7. The process of claim 1 further comprising: feeding additional
coal feed into the pyrolysis zone; and pyrolyzing the recycled
pitch stream.
8. The process of claim 6 further comprising: processing the
hydrocarbon stream to produce at least one product.
9. The process of claim 8 wherein the hydrocarbon stream is
processed by at least one of hydrotreating, hydrocracking, fluid
catalytic cracking, alkylation, and transalkylation.

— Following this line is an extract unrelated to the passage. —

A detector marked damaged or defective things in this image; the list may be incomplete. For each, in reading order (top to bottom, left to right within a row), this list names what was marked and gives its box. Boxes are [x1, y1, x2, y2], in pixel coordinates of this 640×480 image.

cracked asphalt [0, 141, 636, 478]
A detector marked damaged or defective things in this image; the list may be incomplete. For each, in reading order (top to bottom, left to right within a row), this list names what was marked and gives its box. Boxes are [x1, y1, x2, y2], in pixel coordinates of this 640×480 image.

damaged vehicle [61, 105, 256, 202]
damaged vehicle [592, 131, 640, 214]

10. The process of claim 9 further comprising: treating at least
one product to remove contaminants.
11. A process for recovering at least one product from coal tar
comprising: introducing a coal feed into a pyrolysis zone;
pyrolyzing the coal feed in the pyrolysis zone to produce a coal
tar stream and a coke stream; separating the coal tar stream into
at least one hydrocarbon stream and a pitch stream; hydrogenating
the pitch stream; recycling the hydrogenated pitch stream to the
pyrolysis zone; pyrolyzing the hydrogenated pitch stream; and
recovering at least one product from the hydrocarbon stream.

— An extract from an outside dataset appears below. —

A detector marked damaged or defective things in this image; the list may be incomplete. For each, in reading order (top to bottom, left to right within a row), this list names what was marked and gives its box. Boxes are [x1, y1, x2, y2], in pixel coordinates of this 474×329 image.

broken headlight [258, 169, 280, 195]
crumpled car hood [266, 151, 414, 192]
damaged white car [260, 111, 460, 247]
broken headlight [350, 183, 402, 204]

12. The process of claim 11 wherein the recovering comprises:
processing the hydrocarbon stream by at least one of hydrotreating,
hydrocracking, fluid catalytic cracking, alkylation, and
transalkylation.
13. The process of claim 11 wherein hydrogenating the pitch stream
comprises contacting the pitch stream with a hydrogenation catalyst
consisting of metal selected from the group consisting of Group VI
metals (Cr, Mo, W), Group VII metals (Mn, Tc, Re) or Group VIII
metals (Fe, Co, Ni, Ru, Rh, Pd, Os, Ir, Pt) metals and combinations
thereof supported on an inorganic oxide, carbide or sulfide
support, including Al.sub.2O.sub.3, SiO.sub.2,
SiO.sub.2--Al.sub.2O.sub.3, zeolites, non-zeolitic molecular
sieves, ZrO.sub.2, TiO.sub.2, ZnO, and SiC.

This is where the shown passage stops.